Grandseigneur am Cello: Trauer um Johannes Goritzki
DÜSSELDORF Wenn er richtig zulangte, bekamen die Waldarbeiter der Umgebung Konkurrenz: So kraftvoll und bezwingend sägten nicht viele. Aber das Rohe und Unzivilisierte fehlte seinem Spiel völlig, stilistisch folgte er sehr präzisen Koordinaten. Dies ist sicher eine Kardinaltugend eines großartigen Musikers: seinem Spielwillen folgen und den Ausdruck forcieren, zugleich aber die Ästhetik nicht außer Kraft setzen.

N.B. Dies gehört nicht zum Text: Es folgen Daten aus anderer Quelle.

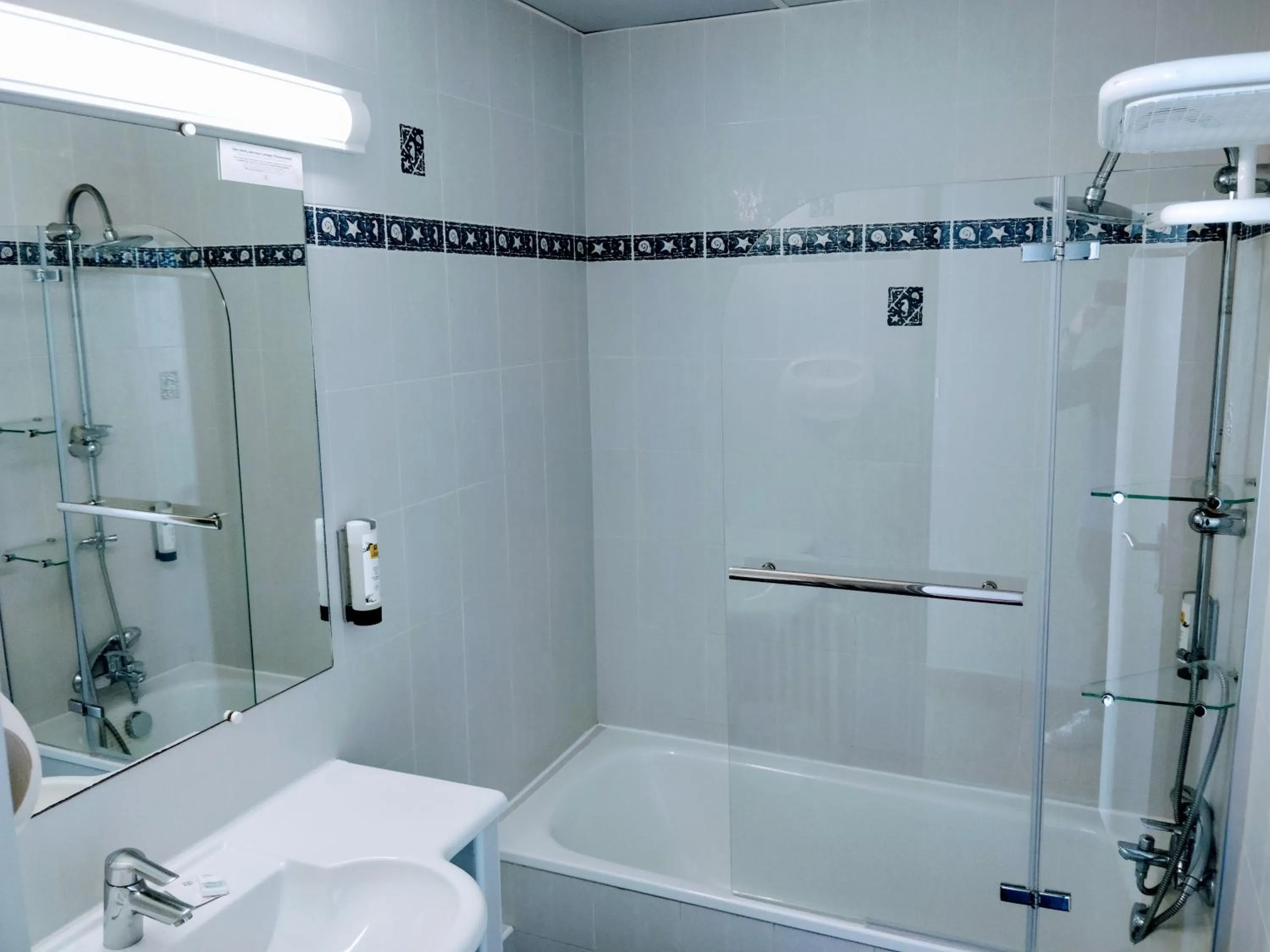 Logis Hôtel Restaurant Mar I Sol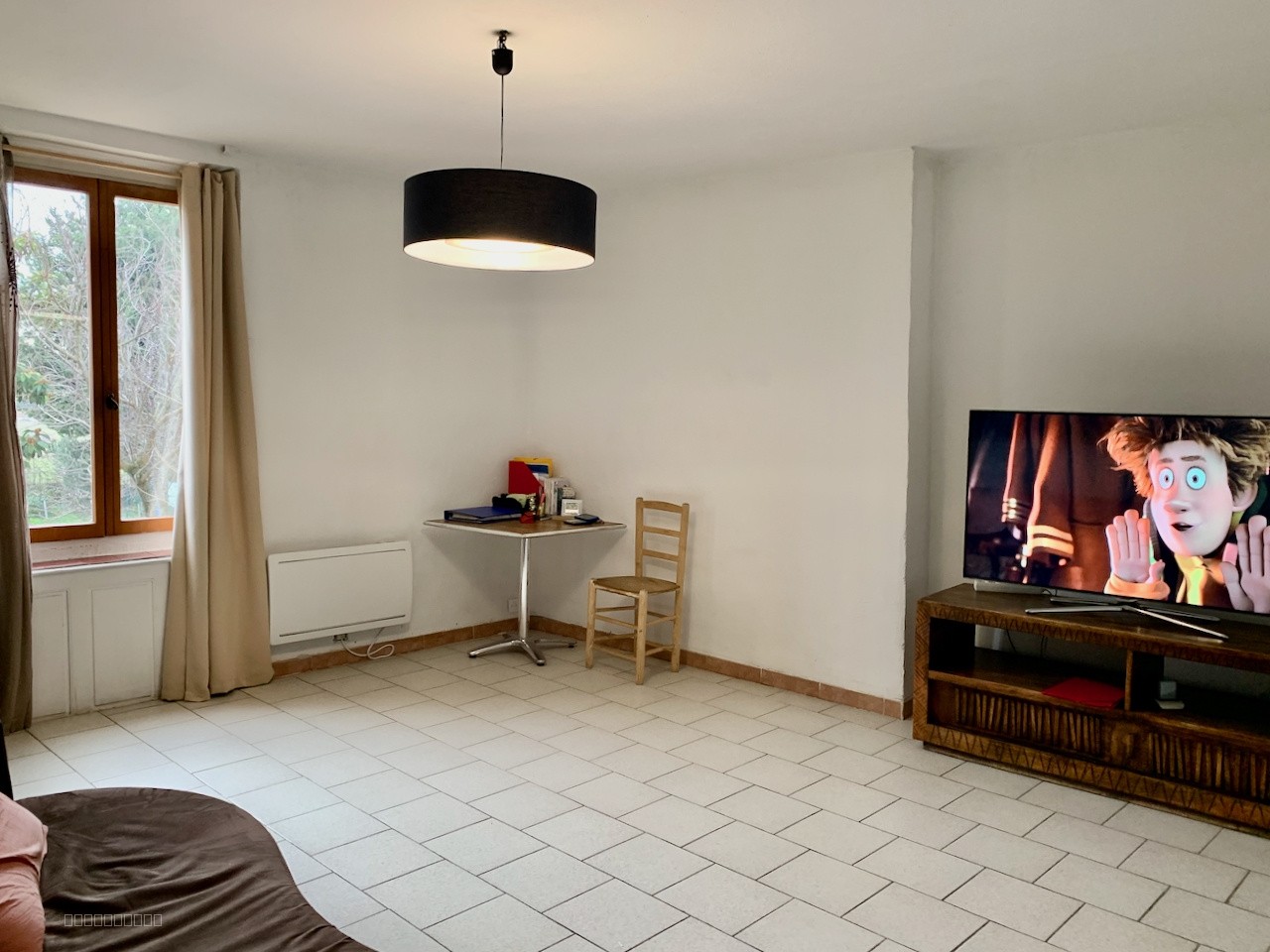 Grand appartement T2 en location à Tavernes — photo 2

Ein solcher Künstler war Johannes Goritzki. Er war ein Vollblutmusiker vom Scheitel bis zur Sohle seiner Lackschuhe, die er auf den vielen Podien der Welt trug. Und nichts, das er nicht mit Leidenschaft tat. 36 Jahre hatte er eine Professur für Violoncello an der Düsseldorfer Robert-Schumann-Hochschule inne. Seine Schüler hingen an seinen Lippen und an seinem Bogen, denn Goritzki entstammte einer famosen Tradition: Er hatte bei Gaspar Cassadó, André Navarra und Pablo Casals studiert. Insbesondere Cassadó eröffnete ihm, wie Goritzki oft sagte, den „Klang des Cellos“, war „Lehrer und Vaterfigur zugleich“.
Als Cellist war Goritzki eine Kapazität. Über 40 CDs hat er veröffentlicht. Als Schmuckstück seiner Diskografie gilt das Cellokonzert von Othmar Schoeck; diese CD wurde mit dem „Grand Prix du Disque“ausgezeichnet. Auf Kursen und in Jurys war Goritzki gefragt. Seit 2010 war er „Prince Consort Professor” am Royal College of Music in London. Zuletzt lebte er in Lugano.
Doch war das Cello nur das halbe Leben von Johannes Goritzki. Mehr als nur nebenbei war er ein weithin, von Mexiko bis Finnland renommierter Dirigent, der vor allem mit den Streichern auf Augenhöhe diskutieren konnte. Viele Jahre stand er der Deutschen Kammerakademie Neuss voran, mit der Goritzki beispielhafte Dinge leistete, unter anderem die Uraufführung des Klavierkonzerts von György Ligeti.
Jetzt ist Johannes Goritzki 76-jährig gestorben.